From wikipedia, we read that the squared distance between line a'x + b = 0 and point p is (a'p+b)^2 / (a'a). We can therefore see that the point that minimizes the sum of squared distances is a weighted linear regression problem with one observation for each line. The regression model has the following properties:

  • Sample data a for each line ax+b=0
  • Sample outcome -b for each line ax+b=0
  • Sample weight 1/(a'a) for each line ax+b=0

You should be able to solve this problem with any standard statistical software.

1
votes

An approach:

  • form the equations giving the distance from the point to each line
  • these equations give you N distances
  • optimize the set of distances by the criterion you want (least squares, minimax, etc.)

This reduces into a simple optimization question once you have the N equations. Of course, the difficulty of the last step depends heavily on the criterion you choose (least squares is simple, minimax not that simple.)

One thing that might help you forward is to find the simplest form of equation giving the distance from a point to line. Your thinking is correct in your #1, but you will need to think a bit more (or then check "distance from a point to line" with any search engine).

0
votes

I have solved the same problem using hill climbing. Consider a single point and 26 neighbours step away from it(points on a cube centered at the current point). If the distance from the point is better than the distance from all neighbours, divide step by 2, otherwise make the neighbor with best distance new current point. Continue until step is small enough.

0
votes

Following is solution using calculus :-

F(x,y) = sum((y-mix-ci)^2/(1+mi^2))

Using Partial differentiation :-

dF(x,y)/dx = sum(2*(y-mix-ci)*mi/(1+mi^2))
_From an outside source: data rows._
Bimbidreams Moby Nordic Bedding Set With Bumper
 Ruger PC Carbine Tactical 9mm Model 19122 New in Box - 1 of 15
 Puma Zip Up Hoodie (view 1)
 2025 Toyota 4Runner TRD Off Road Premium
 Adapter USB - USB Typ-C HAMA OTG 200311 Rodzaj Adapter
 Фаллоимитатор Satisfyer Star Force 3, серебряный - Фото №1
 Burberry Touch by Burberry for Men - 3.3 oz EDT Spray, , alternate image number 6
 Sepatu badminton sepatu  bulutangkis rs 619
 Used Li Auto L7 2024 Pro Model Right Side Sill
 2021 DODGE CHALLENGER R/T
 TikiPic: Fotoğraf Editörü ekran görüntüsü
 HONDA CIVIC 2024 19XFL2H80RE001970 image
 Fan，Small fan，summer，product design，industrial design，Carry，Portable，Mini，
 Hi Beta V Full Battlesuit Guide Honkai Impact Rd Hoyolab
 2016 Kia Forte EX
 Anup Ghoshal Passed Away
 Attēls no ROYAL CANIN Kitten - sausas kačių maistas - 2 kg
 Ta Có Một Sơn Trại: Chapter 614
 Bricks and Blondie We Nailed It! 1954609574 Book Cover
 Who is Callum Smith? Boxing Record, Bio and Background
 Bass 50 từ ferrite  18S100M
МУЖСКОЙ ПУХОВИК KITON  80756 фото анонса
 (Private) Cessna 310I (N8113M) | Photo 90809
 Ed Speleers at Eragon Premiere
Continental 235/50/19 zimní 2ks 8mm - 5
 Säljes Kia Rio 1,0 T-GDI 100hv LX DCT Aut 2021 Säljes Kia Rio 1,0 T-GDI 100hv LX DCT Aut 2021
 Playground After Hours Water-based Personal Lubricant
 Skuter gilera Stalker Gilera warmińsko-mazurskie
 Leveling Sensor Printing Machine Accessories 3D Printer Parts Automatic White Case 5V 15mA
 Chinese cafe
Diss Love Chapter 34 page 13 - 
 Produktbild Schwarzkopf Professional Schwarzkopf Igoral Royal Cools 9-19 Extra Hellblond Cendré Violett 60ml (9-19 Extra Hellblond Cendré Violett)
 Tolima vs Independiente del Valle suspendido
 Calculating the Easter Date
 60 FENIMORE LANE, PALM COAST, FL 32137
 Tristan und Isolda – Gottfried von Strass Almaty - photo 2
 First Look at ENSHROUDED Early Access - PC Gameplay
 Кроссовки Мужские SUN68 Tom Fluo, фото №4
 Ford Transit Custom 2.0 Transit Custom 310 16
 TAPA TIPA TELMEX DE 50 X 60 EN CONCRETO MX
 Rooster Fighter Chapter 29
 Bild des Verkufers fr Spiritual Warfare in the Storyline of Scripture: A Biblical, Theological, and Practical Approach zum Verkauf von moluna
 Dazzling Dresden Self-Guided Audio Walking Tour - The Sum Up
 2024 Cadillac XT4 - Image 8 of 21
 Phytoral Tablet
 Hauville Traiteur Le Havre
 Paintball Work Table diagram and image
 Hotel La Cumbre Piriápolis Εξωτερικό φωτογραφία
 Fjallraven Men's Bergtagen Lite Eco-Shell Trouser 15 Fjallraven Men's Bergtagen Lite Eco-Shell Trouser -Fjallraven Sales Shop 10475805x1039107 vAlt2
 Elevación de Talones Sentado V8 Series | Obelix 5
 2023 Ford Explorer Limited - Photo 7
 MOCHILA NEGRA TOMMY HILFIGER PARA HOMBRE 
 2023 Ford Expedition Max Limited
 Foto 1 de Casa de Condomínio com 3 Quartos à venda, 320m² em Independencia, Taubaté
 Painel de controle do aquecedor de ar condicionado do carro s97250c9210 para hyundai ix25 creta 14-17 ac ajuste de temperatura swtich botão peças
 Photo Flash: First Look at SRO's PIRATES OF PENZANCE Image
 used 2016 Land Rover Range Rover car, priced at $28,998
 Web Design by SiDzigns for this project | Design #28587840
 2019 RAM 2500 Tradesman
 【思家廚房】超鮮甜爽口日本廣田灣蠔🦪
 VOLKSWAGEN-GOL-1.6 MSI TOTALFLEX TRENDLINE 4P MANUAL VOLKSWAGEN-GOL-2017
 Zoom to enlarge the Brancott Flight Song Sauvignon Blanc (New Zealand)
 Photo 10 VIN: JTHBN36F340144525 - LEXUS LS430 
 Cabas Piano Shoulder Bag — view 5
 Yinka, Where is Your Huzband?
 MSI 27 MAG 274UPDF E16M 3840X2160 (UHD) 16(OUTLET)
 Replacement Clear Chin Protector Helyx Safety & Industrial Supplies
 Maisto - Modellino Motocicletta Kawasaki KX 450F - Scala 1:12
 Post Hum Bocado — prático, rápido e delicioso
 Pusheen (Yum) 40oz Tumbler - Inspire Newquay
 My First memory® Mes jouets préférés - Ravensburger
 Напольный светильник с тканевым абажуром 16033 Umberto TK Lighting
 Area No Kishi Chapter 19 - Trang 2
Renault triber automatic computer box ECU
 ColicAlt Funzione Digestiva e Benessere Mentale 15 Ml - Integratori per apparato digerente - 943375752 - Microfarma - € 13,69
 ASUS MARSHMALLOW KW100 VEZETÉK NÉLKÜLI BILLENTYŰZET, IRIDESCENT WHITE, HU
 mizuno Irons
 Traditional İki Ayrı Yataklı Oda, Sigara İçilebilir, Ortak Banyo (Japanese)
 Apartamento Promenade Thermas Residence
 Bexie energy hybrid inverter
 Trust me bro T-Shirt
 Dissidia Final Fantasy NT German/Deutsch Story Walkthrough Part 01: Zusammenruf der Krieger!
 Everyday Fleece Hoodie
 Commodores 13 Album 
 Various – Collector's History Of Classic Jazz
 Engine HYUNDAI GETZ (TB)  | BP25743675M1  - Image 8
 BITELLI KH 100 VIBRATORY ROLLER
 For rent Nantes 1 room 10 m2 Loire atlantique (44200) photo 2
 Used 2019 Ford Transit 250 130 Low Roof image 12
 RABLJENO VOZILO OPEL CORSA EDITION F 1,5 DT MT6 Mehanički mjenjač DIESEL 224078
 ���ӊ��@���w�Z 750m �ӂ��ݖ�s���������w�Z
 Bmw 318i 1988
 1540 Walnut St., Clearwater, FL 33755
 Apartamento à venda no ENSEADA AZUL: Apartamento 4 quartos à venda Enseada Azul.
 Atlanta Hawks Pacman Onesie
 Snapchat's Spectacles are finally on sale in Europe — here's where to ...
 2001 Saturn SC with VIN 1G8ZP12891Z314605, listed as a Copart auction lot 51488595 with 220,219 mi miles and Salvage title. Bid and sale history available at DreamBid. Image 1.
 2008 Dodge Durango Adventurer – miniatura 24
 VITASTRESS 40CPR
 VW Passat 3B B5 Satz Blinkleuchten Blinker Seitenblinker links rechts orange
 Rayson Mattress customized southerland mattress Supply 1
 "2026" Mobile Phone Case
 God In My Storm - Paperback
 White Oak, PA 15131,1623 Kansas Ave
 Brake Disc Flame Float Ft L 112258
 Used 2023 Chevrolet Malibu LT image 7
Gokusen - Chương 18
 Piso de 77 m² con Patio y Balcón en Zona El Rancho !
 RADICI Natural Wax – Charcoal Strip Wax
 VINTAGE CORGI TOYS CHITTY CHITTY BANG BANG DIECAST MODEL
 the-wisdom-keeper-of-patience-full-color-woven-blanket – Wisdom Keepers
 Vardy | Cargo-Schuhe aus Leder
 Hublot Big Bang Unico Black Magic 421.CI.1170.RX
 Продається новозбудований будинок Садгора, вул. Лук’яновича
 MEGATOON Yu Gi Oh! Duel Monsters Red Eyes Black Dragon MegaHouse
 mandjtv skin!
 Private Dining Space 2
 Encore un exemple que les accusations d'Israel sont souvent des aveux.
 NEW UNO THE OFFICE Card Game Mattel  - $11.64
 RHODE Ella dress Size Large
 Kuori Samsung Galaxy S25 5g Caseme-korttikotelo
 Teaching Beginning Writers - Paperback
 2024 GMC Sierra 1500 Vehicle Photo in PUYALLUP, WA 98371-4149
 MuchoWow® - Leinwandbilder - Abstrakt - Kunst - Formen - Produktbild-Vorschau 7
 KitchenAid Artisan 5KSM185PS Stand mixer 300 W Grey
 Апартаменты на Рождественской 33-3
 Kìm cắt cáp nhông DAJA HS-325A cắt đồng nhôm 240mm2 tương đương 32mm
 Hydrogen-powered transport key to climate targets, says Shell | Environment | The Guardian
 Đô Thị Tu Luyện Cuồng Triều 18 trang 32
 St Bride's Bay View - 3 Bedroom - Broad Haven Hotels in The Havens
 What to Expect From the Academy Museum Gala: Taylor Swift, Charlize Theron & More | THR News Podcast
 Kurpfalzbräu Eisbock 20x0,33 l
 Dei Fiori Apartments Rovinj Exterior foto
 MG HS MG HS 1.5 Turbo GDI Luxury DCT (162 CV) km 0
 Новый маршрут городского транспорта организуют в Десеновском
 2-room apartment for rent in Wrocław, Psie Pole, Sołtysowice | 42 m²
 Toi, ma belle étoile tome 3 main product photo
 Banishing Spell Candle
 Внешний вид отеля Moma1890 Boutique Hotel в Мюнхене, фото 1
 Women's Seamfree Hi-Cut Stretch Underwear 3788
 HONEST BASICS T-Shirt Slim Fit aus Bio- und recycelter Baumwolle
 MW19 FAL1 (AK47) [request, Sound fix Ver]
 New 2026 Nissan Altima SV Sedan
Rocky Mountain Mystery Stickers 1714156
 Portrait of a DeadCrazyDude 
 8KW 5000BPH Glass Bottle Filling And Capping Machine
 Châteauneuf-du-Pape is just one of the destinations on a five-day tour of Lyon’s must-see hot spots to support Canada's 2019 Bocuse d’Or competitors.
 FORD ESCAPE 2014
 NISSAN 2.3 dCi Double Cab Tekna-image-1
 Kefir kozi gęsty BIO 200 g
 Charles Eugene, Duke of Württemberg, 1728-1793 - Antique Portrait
dF(x,y)/dy = sum(2*(y-mix-ci)/(1+mi^2))

To Minimize F(x,y) :-

dF(x,y)/dy = dF(x,y)/dx = 0

Use Gradient Descent using certain learning rate and random restarts to solve find minimum as much as possible

0
votes

You can apply the following answer (which talks about finding the point that is closest to a set of planes) to this problem, since just as a plane can be defined by a point on the plane and a normal to the plane, a line can be defined by a point the line passes through and a "normal" vector orthogonal to the line:

https://math.stackexchange.com/a/3483313/365886

You can solve the resulting quadratic form by observing that the solution to 1/2 x^T A x - b x + c is x_min = A^{-1} b.